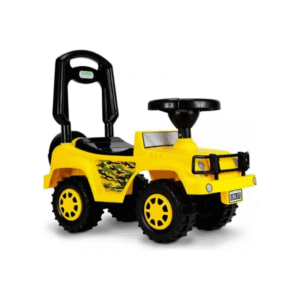 Andarín, Pata-Pata Patrol Kuma Kids Amarillo - Unibike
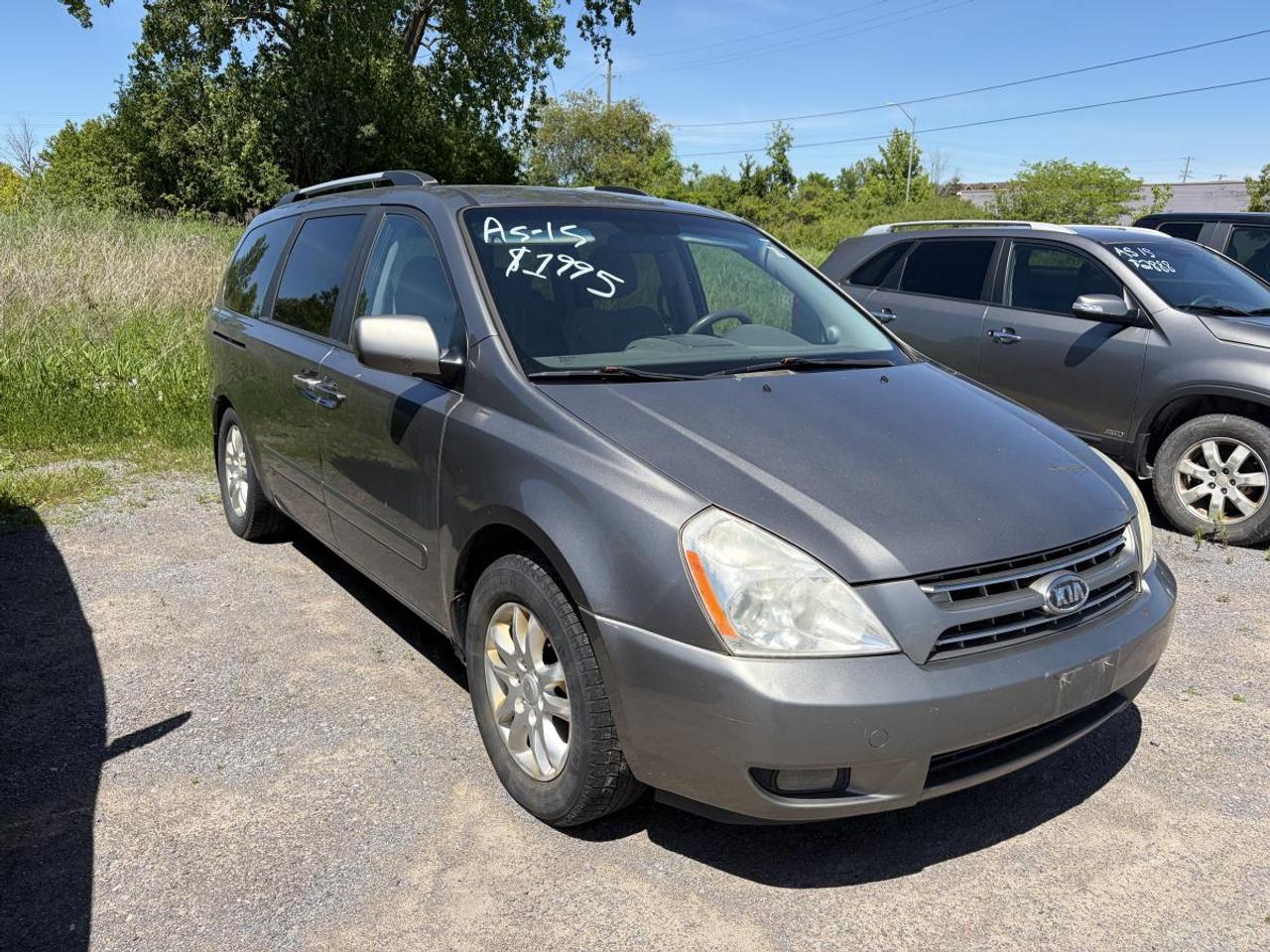 2010 Kia Sedona EX Photo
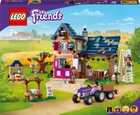 Конструктор LEGO Friends Ферма органічних продуктів 826 деталей (41721) - зображення 1
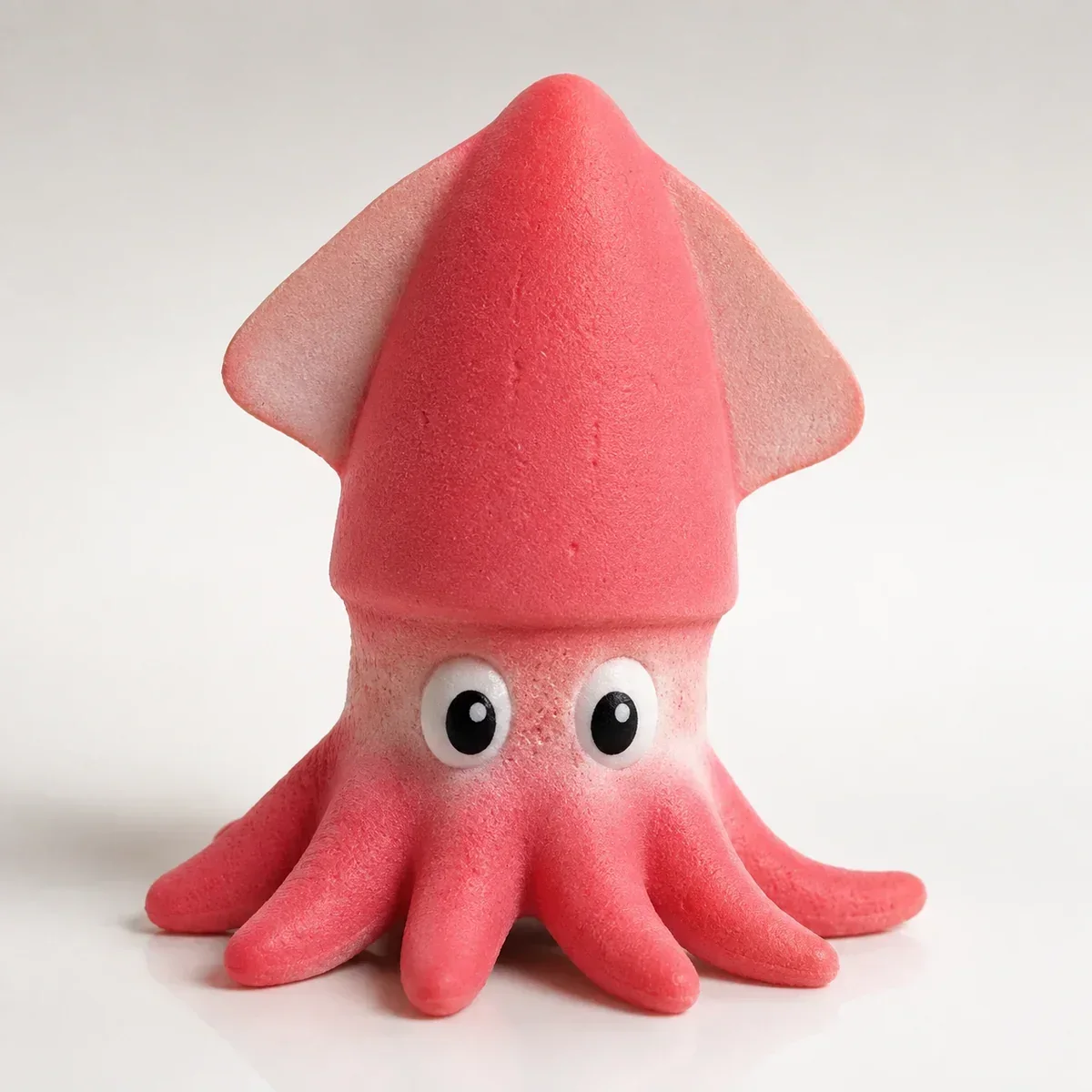 Squid squishy — Slow-Rise PU Foam, Animal Squishy family, wholesale from factory Squid squishy — Slow-Rise PU Foam, Animal Squishy family, wholesale from factory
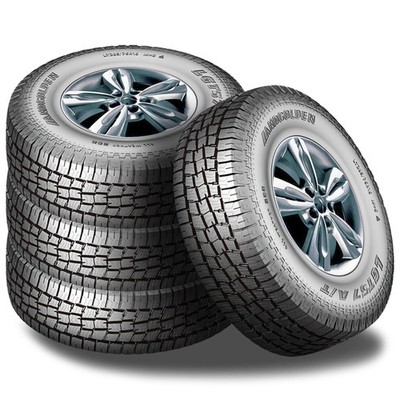 4 Landgolden LGT57 245/70R17 119S 10PR / Load E All Terrain Truck SUV Tires
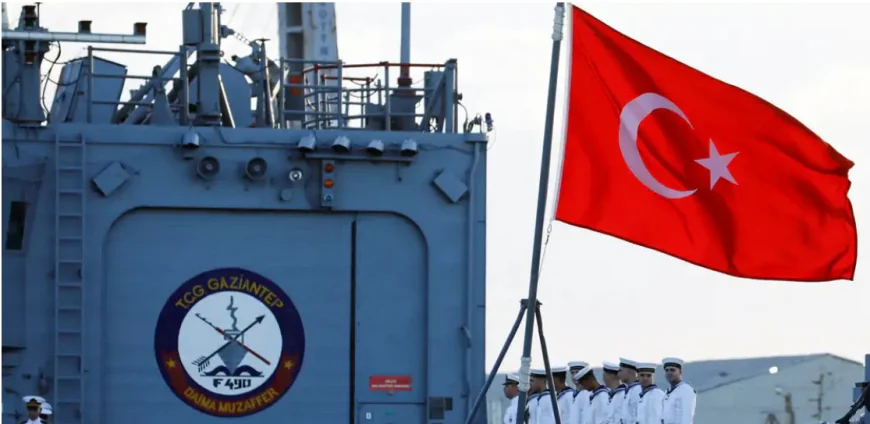 Global military spending hits record as Turkey reaches $30B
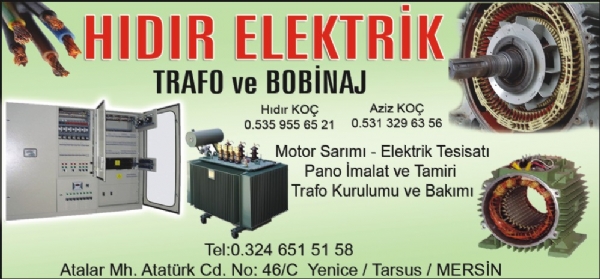 HIDIR ELEKTRİK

============

- **Your objective**: Only the lines from the one with "2010 Kia Sedona EX Photo" to the last line of the listing, inclusive, are to be set down, exactly as they stand and without pictures.

- **Task output**:
 2010 Kia Sedona EX Photo
 Конструктор LEGO Friends Ферма органічних продуктів 826 деталей (41721) - зображення 1
 Squid squishy — Slow-Rise PU Foam, Animal Squishy family, wholesale from factory Squid squishy — Slow-Rise PU Foam, Animal Squishy family, wholesale from factory
 4 Landgolden LGT57 245/70R17 119S 10PR / Load E All Terrain Truck SUV Tires
 Global military spending hits record as Turkey reaches $30B
 HIDIR ELEKTRİK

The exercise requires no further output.